The fundamental trade-off of data availability committees is that light clients must trust that committee nodes will correctly issue data availability signals. Relying on centralized permissioned committees introduces a certain degree of centralization risk and single points of failure to the network. Using DAC technology composed of Proof-of-Stake validators and imposing severe penalties for misconduct can reduce but not completely eliminate the trust requirements for light clients.
Data Sharding
In data sharding schemes, transaction data is divided into multiple shards, and light clients perform probabilistic sampling from all shards to verify the data availability of the entire system. However, implementing cross-shard sampling often significantly increases the complexity of data availability protocols and may require complex network topologies to prevent single points of failure.
Succinct Proofs
Emerging cryptographic proofs like zero-knowledge proofs and zk-SNARKs can be used to prove the validity of state transitions in a block without revealing any underlying transaction data. For example, validity proofs can demonstrate that roll-up block transitions are entirely valid without disclosing any private transaction data used by the roll-up itself.

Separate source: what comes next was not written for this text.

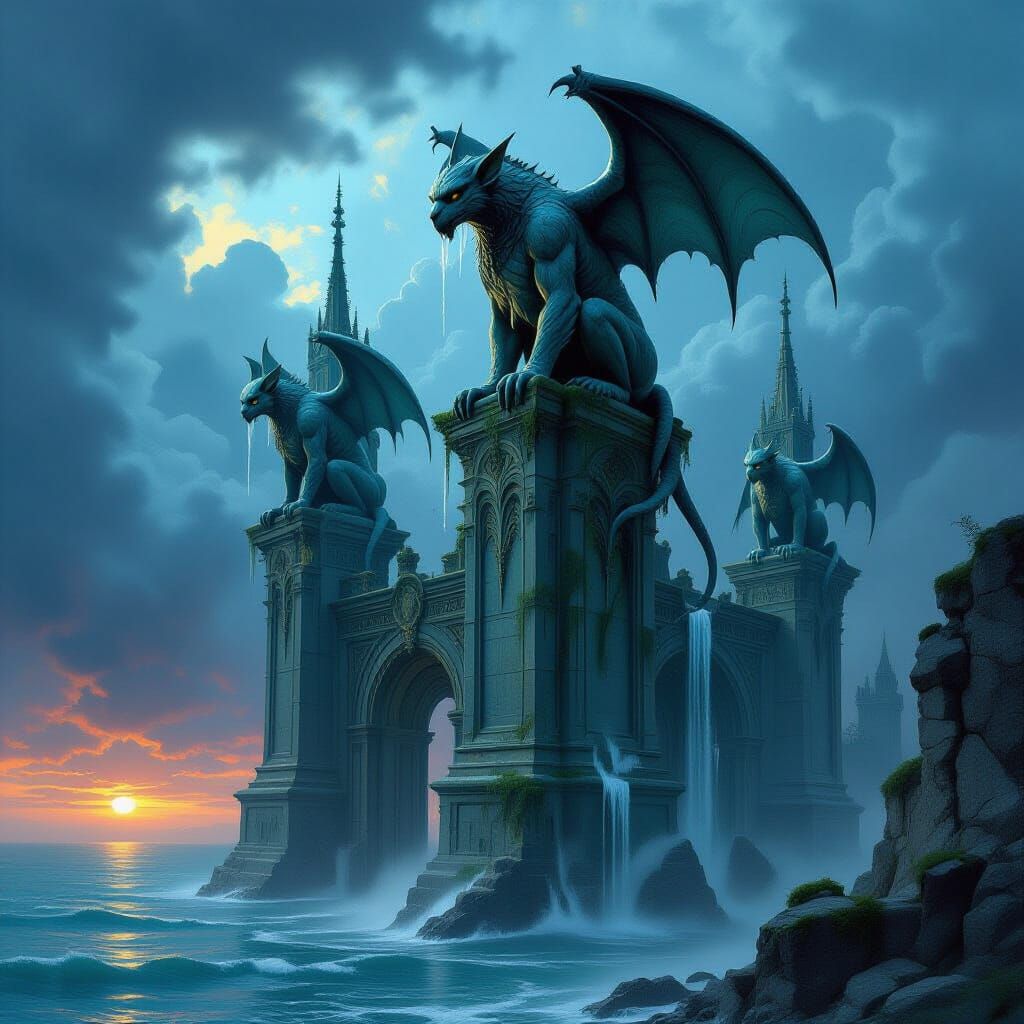 Gargoyles on Art Nouveau Spires Over Surreal Sea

However, fundamentally, the data still needs to be available somewhere for full nodes to accurately update their local state. If block producers completely fail to provide the underlying transaction data of a block, full nodes cannot accurately track the latest state balances and integrity. Succinct proofs can guarantee the validity of state changes but cannot ensure the availability of the underlying data driving those changes.
Conclusion
As blockchain transaction volumes expand and the transition to advanced architectures like sharding and roll-ups occurs, data availability is a critical challenge that must be addressed. However, it is encouraging that with the development of decentralized blockchain networks, there are multiple viable pathways to achieve data availability, preventing this issue from becoming a permanent barrier to scalability and censorship resistance.